-- Data to use follows --
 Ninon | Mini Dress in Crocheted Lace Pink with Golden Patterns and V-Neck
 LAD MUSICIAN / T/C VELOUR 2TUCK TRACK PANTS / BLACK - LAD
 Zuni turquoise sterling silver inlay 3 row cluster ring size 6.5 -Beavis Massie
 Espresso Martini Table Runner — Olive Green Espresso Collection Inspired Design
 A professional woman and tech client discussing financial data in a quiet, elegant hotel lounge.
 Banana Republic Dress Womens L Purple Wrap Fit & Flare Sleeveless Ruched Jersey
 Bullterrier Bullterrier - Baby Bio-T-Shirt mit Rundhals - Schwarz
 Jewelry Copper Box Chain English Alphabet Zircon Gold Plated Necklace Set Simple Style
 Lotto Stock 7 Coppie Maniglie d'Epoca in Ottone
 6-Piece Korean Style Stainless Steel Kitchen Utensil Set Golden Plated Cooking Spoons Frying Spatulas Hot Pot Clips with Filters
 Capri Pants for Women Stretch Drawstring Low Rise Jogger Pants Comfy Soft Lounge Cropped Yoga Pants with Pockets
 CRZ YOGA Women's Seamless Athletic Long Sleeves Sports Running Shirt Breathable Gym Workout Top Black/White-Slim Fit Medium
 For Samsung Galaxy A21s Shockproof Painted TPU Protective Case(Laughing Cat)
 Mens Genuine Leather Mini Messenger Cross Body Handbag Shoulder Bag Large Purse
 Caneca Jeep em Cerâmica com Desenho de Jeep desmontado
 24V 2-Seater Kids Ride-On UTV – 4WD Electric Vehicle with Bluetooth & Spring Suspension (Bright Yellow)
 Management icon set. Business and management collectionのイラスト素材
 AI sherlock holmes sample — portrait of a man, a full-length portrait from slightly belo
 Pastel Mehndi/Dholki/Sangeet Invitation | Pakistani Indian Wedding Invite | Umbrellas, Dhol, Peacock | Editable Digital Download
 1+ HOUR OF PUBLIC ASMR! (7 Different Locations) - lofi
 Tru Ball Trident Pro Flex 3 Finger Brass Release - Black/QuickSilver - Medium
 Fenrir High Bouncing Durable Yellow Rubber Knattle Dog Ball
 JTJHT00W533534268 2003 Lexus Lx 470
-- Data to use concluded --
(What you will do):
From the entries above, copy every line containing the word "Style".

(Output below):
 Jewelry Copper Box Chain English Alphabet Zircon Gold Plated Necklace Set Simple Style
 6-Piece Korean Style Stainless Steel Kitchen Utensil Set Golden Plated Cooking Spoons Frying Spatulas Hot Pot Clips with Filters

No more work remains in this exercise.